Although Leonid had originally promised to adopt the Latin Rite, while studying in the Jesuit seminary at Anagni, Leonid came to believe that it was his duty to remain faithful to the liturgy and customs of the Christian East. With the full permission and encouragement of Pope St. Pius X, Leonid transferred to the Russian Catholic Church.
Because of his pious submit to the Pope, the communist government has imprisoned him. On March 7, 1935, he died due to the rigorous of his imprisonment.
8. Pavel Peter Gojdič
Blessed Gohdič was a Basilian Monk and Bishop of the Greek Catholic Eparchy of Prešov, Slovakia. Because of his rejection to submit Greek Catholics to the Russian Orthodox Church, as insisted by the Communist party, he was tortured. Later, the Communists have given him the infamous offer that if he were to leave the church, they would appoint him the patriarch of the a Orthodox Church of Slovakia.

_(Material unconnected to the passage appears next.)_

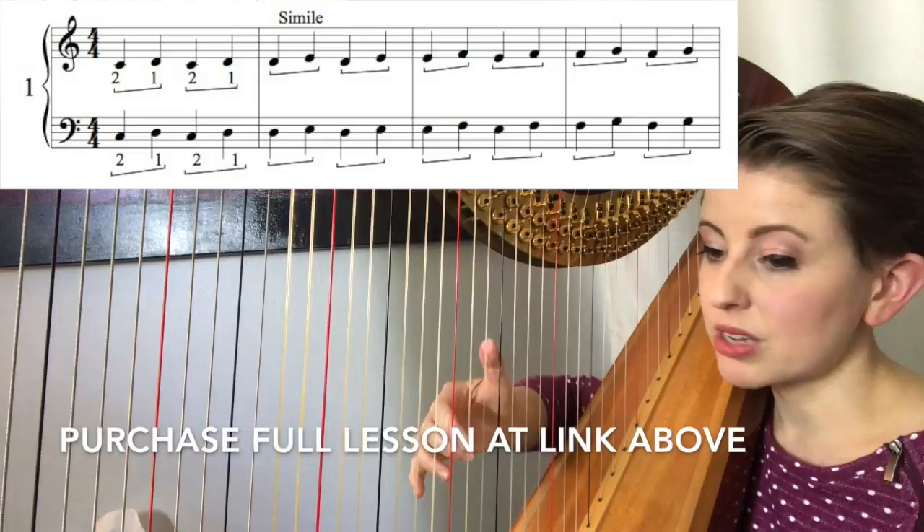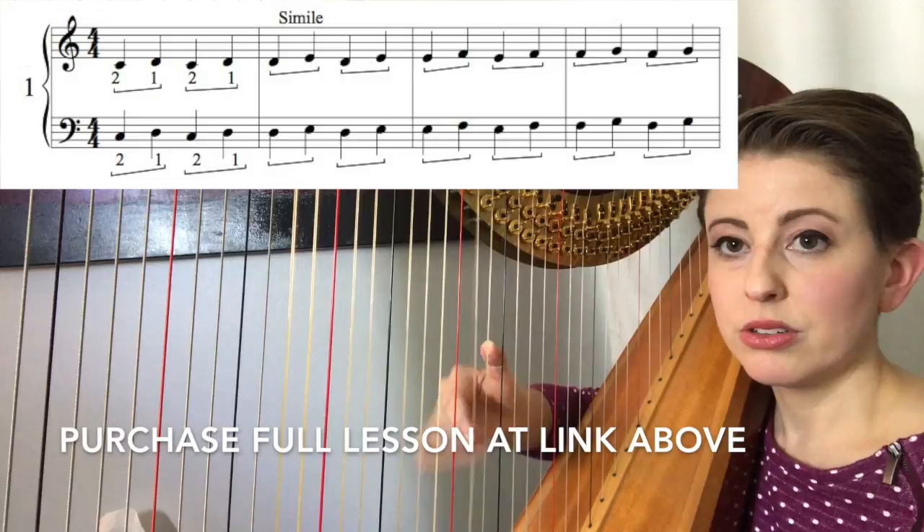Two, one. Raise, come back in place. Let's go to the second measure. The second measure, we're just going up one step. Second finger on D, thumb on E. Two, one. Relax.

He piously rejected to loose communion with the Pope and to convert to the schismatic church, causing him to suffer even more persecution. He died of terminal cancer in the prison hospital of Leopoldov Prison in 1960, on his 72nd birthday. He was beatified on 4 November 2001 by Pope John Paul II.
Let us close this post with a few quotes from the Popes.
“…for the union of Christians can only be promoted by promoting the return to the one true Church of Christ of those who are separated from it, for in the past they have unhappily left it.”
-Pope Pius XI, Encyclical “Mortalium Animos”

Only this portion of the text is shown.